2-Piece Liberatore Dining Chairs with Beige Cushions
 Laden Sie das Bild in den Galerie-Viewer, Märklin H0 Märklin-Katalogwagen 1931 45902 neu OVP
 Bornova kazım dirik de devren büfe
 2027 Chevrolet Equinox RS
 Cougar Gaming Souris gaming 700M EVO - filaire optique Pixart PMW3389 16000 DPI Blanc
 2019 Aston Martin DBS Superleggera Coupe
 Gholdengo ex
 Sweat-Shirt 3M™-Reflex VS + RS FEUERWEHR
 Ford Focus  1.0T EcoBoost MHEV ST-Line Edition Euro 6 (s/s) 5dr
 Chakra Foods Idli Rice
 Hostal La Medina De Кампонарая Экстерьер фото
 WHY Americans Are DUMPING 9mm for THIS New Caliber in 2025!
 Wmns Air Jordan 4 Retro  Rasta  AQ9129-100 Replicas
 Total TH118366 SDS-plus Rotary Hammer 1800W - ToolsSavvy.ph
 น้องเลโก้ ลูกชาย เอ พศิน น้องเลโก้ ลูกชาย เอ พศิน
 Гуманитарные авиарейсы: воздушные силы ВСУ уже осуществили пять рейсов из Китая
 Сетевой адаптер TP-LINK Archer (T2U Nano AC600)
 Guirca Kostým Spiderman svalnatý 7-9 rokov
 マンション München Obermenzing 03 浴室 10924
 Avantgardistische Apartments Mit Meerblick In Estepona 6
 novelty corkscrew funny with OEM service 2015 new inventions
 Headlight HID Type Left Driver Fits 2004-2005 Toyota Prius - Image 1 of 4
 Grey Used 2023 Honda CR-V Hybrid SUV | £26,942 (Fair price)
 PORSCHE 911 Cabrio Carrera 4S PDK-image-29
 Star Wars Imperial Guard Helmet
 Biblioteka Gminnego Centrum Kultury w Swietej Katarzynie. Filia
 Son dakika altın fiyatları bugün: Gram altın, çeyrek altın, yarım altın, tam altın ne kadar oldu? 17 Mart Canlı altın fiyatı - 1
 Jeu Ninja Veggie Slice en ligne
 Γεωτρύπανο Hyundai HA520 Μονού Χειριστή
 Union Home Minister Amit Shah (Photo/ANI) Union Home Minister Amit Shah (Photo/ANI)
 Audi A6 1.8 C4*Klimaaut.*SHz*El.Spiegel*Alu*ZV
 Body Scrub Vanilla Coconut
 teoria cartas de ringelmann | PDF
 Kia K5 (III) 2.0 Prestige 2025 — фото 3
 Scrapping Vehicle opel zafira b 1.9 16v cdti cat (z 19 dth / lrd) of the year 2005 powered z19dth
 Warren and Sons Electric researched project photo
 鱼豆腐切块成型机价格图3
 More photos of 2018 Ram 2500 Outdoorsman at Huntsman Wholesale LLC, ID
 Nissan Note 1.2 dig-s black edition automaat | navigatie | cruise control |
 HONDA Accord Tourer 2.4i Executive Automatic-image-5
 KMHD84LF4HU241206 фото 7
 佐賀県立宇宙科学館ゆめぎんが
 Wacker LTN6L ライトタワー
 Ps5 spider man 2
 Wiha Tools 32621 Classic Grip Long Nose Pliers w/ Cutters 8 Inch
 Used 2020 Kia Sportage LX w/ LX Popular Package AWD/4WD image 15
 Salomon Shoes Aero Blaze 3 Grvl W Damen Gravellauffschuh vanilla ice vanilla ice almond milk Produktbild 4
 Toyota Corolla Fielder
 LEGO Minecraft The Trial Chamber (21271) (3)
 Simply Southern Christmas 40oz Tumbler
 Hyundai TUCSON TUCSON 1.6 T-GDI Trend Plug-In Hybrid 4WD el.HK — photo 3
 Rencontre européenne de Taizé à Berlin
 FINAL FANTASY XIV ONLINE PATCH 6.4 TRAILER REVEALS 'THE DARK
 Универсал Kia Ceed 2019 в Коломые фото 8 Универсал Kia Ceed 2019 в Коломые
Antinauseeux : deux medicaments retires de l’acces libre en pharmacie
_ _ _ _ _ _ _
### WHAT TO PRODUCE
What lines in the material above hold the word "Used"? Pull them out.

### ANSWER TO THE PROBLEM
 Grey Used 2023 Honda CR-V Hybrid SUV | £26,942 (Fair price)
 Used 2020 Kia Sportage LX w/ LX Popular Package AWD/4WD image 15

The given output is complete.